Goldcorp Inc (NYSE:GG; TSX, SWX:G) = 7.12%
Newmont Mining Corp (NYSE, SWX:NEM; TSX:NMC) = 6.87%
Barrick Gold Corp (NYSE, TSX, SWX:ABX) = 5.95%
Franco-Nevada Corp (NYSE, TSX:FNV) = 5.52%
Agnico Eagle Mines Ltd (NYSE, TSX, SWX:AEM) = 5.49%
Silver Wheaton Corp (NYSE, TSX, SWX:SLW) = 5.11%
Newcrest Mining Ltd (ASX, SWX:NCM; TSX:NM) = 5.03%
Randgold Resources Ltd (NASDAQ:GOLD; LON:RRS) = 5.02%
AngloGold Ashanti Ltd (NYSE:AU) = 4.37%
Royal Gold Inc. (NASDAQ:RGLD; TSX:RGL) = 4.24%
Despite the dismal outlook less than a week ago, recent surges in the prices of the precious metals being mined have helped lift the various gold mining ETFs. GDX rallied 3.6% on Friday, while the Market Vectors Junior Gold Miners ETF (NYSE:GDXJ), which tracks the smaller mining companies, gained 2.8% on the day. The other main mining ETF, the Direxion Shares ETF Trust (NYSE:NUGT), fared even better, posting a 10.5% gain. NUGT is 3 times more highly leveraged than its counterpart GDX, which explains the larger movement.
For some analysts, the expected drop-off for the precious metals following next month’s potential rate hike from the Federal Reserve is being overblown.

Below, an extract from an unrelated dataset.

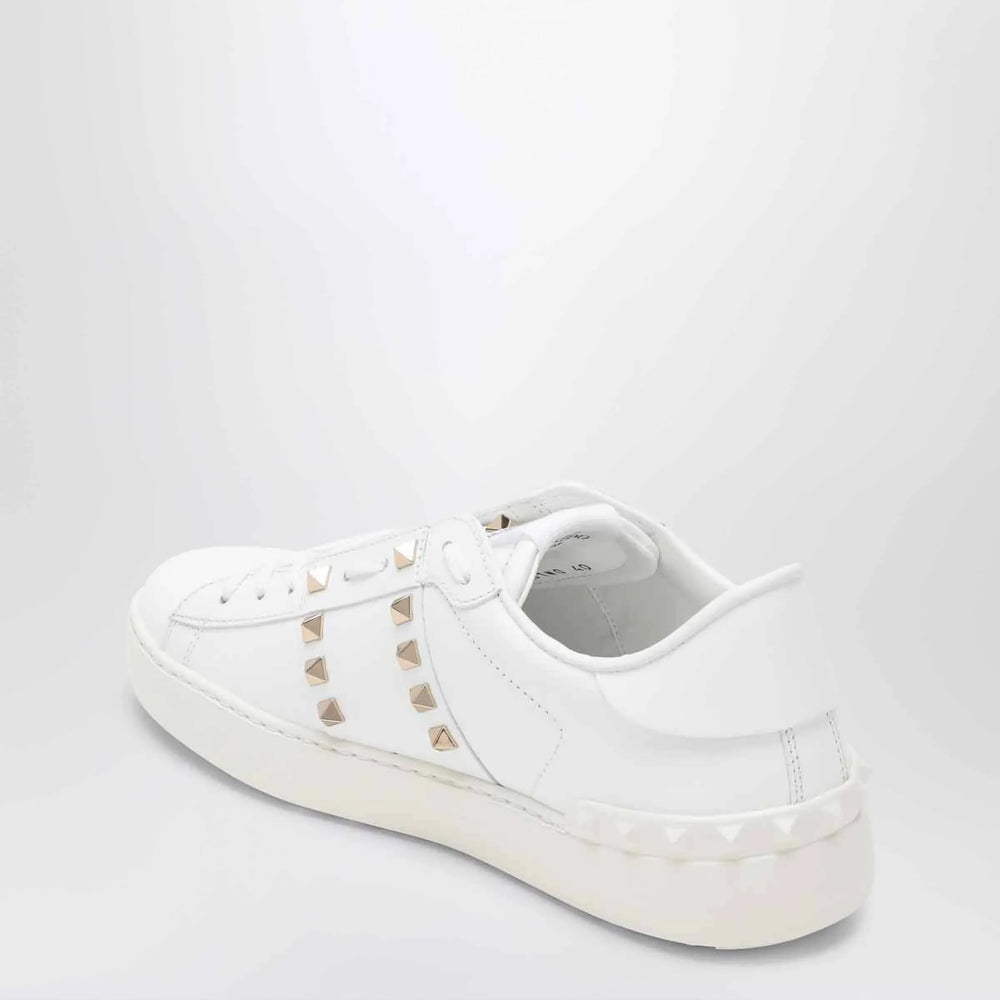 Valentino - White leather Rockstud zip card holder Brand Apparel & Accessories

It seems reasonable that the sharp losses for the metals in October was already sufficient to bring prices down to their appropriate post-hike levels. This means that gold is unlikely to sink very far following the December FOMC meeting—even if the Fed decides to raise rates. That means a lot of traders will be forced to cover shorts when the time comes. This would imply that gold investors shouldn’t be too quick to shun GDX or its counterparts in the ETF market.
The opinions and forecasts herein are provided solely for informational purposes, and should not be used or construed as an offer, solicitation, or recommendation to buy or sell any product.